Joshua 8

30 The command to pronounce the blessings and curses was given in Deu 11:29-30 and repeated with more details in Deu 27:12-26.
31 This ceremony was to confirm the covenant between Israel and God. The altar and sacrifice signified that Israel worshiped God alone. The reading of, and agreement with, the Law indicated that they were willing to live by God's terms. The pronouncements of blessings and curses were to remind them that their observance of their vows to God had consequences (potentially positive or negative). This is like a contract between a king and his people.

This regulation for the altar is found in Exo 20:24-26. Burnt offerings were given to atone for sins while peace offerings showed that God fellowshipped with His people.

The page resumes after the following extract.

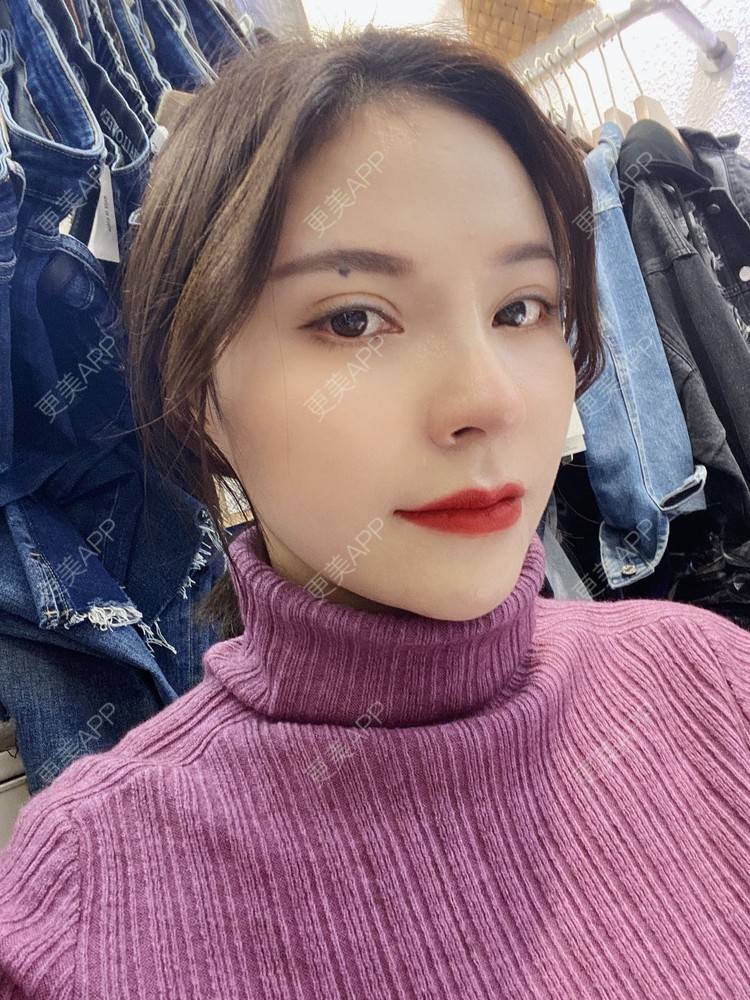 更美 - 更美用户cYoCneHuFl的鼻部多项经验 | 阳江 | 鼻部多项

32 Joshua was not a king, per say, but as Israel's leader, he took on a role similar to what a king would have. An important part of leading God's people is leading them God's way. For this reason, kings were commanded to make their own copy of the Law so they could meditate on it daily and rule the way God desired (Deu 17:18-20). Joshua copied the Law onto the stones of the altar. Thus, this was not his personal copy, but a copy that the whole community could access. It is not the leader only who needs to know about God and His regulations -- all of God's people need to know Him.
33 The priests stood in the valley with the ark. Six tribes stood on each of the lower slopes of the mountain. What the tribes called out from one mountain could be heard on the other.

"Strangers" are mentioned. These were those who, like Rahab's family, were not descendants of Israel, but had joined the Israelite community by faith.

35 This probably took a long time to do, but it was important. It was also important that everyone knew the requirements of the Law. Women and children were not excluded. This shows that all people are important to God, and all are responsible for knowing Him.